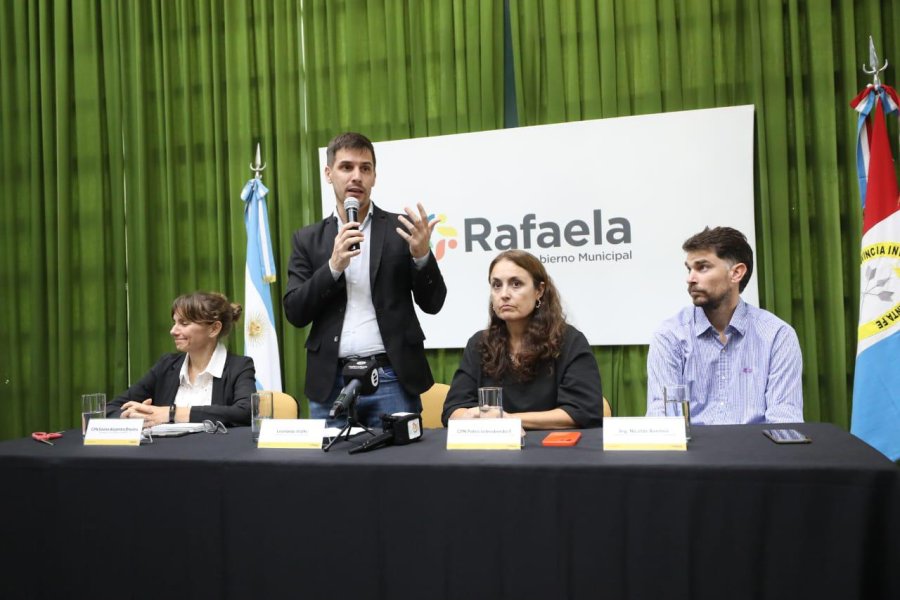 Bravino, Viotti, Imoberdorf y Asensio en el Sal&oacute;n Verde del Municipio.
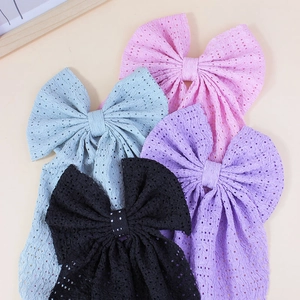 Lot de 4 barrettes à nœuds en maille ajourée faite main en rose, bleu, violet et noir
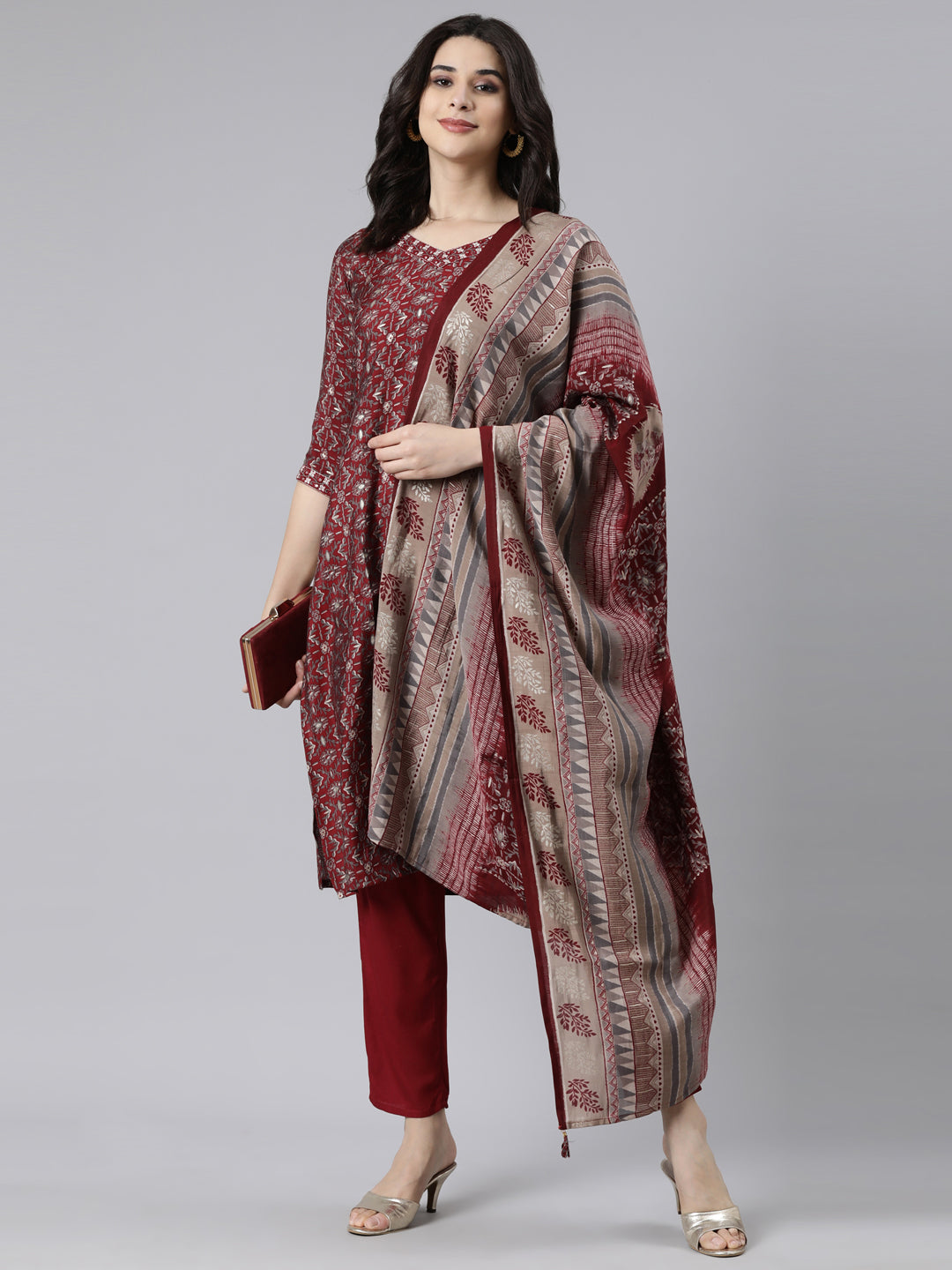 Neerus Maroon Printed Floral Suit Set - detail view 2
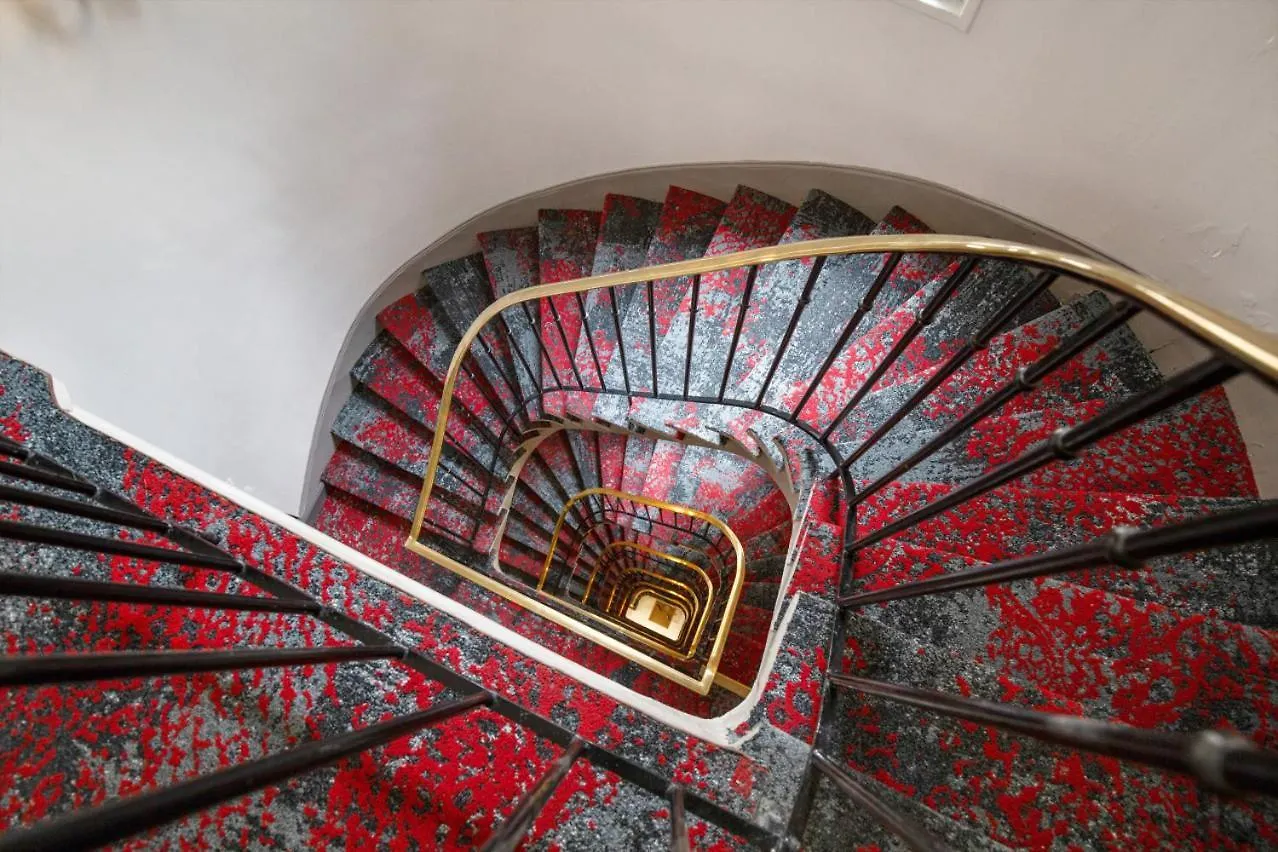 ***  Grand Hotel Des Gobelins Párizs Franciaország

▶ [TASK DESCRIPTION]:
Exactly the lines from the one containing "Neerus Maroon Printed" through the end of the data above: repeat those, both ends included, and nothing else. Skip the pictures.

▶ [RESULT OF THE TASK]:
 Neerus Maroon Printed Floral Suit Set - detail view 2
 ***  Grand Hotel Des Gobelins Párizs Franciaország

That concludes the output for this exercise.